Treasure Chest Thursday is a daily blogging topic from GeneaBloggers.
Things I’ve Learned September 1st, 2010
I am halfway through a 7 day free trial with Footnote.com. I’m trying to make the most of the collections that aren’t free since I can’t afford right now to have a second subscription website. These are the things I’ve learned so far:
City Directories aka The reason I get up early every morning this week.
- William Wallace Love was not still living in Newark at the time of his wife’s death in 1890. They had to have moved to Roseland at the time.
- I have listings for William W Love, grocer, for 1875 through 1884.
- Some years there is a listing for Love Bros grocery. There was never an ad, but that would have been interesting!
- William H Moore was not listed in Brooklyn in 1865. His daughter is born in New York in 1865, so they must have lived in another borough before their move to Chicago.
- William H Moore has always been very consistent with the use of his middle initial. This is made funnier because I know how insistent my Dad is on using his. They wouldn’t have to do that if they’d stop naming their boys William!
- William H Moore lived at 56 Foster for the majority of his time in Chicago, which was from 1866 to 1870.
- I couldn’t find a listing for him in 1871 Chicago. This could be why Cook County couldn’t find a birth record for Robert James Moore in 1871. Maybe they moved out of the city? I’m going to try lining up his location with the Chicago fire and see if he would have been effected, though now I see he might have already left Chicago.
Google Searching June 1st, 2010
Since I spent so much time transcribing and adding Bartholomew Taylor things into my family file, I’ve decided to go ahead and research him for fun. One of the things I do randomly when I research is I plug the ancestors name into Google and see what comes up. It’s pretty interesting to see what comes up.
I make sure to put the name in quotes. That just helps to cut out a lot of the wrong things. I added Maryland for good measure, since the Taylors are most often associated with Maryland.
Once the search is done, I check out the main results but then I go into my favorite part of Google searches… Books! This will search through a database of books that Google has online. These are all with the cooperation of the publishers so no need to feel like you’re sneaking something.

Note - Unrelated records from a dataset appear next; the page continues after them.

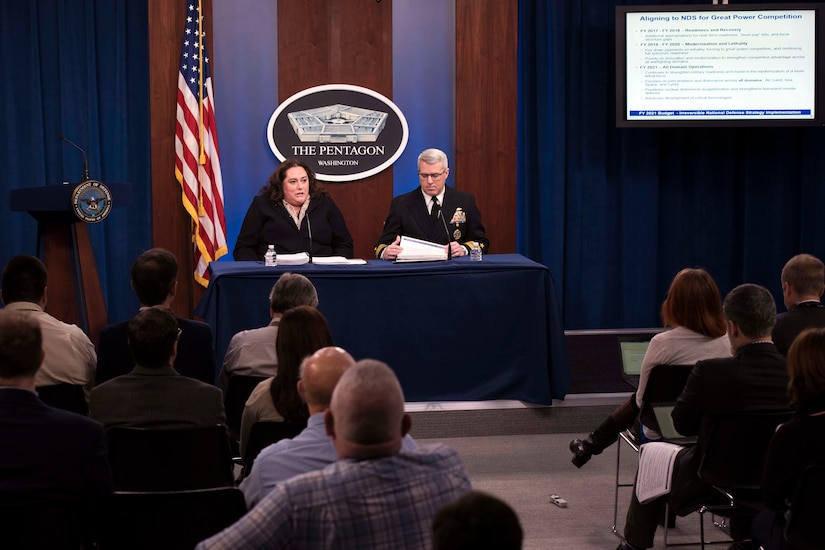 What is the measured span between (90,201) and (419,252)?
5.90 ft

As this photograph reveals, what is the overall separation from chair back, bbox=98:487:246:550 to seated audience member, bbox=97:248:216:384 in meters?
1.51

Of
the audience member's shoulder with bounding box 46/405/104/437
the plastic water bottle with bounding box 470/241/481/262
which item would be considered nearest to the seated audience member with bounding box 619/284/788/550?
the audience member's shoulder with bounding box 46/405/104/437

This is what was in the Marylanders to Kentucky book. I just wanted to show you what type of things are in here. That is definitely my Bartholomew Taylor, and you can see that it gives a whole bunch of Reference numbers. You can line those up with the sources. I actually found this exact book in my local library a few months back. So I’ve already been through it. I have photocopies around here somewhere, including what all those numbers mean. I’m pretty sure it’s easy to figure out though, like KPR:1835 is the 1835 Kentucky Pension Roll. I think all the things listed as reference to him have to do with the Revolutionary War, which I believe all those sources were created from his pension request.
The next result was The Wright Ancestry. The Wright family married into the Taylors a few times so I wasn’t surprised that Bartholomew acted as a witness to this Wright family member’s will.
Looking further into the will, you can see that once again a Wright has married a Taylor. Immediately I set about seeing if I have these particular Wright/Taylor ancestors in my file already.
It turns out that the “Sary Wright” is actually the wife of Bartholomew’s first cousin. My Maryland ancestors are a mess in my file though, so I don’t want to leap before I check everything out. Everything here would have come from those descendant reports from my Grandma. So we’ll see how this turns out!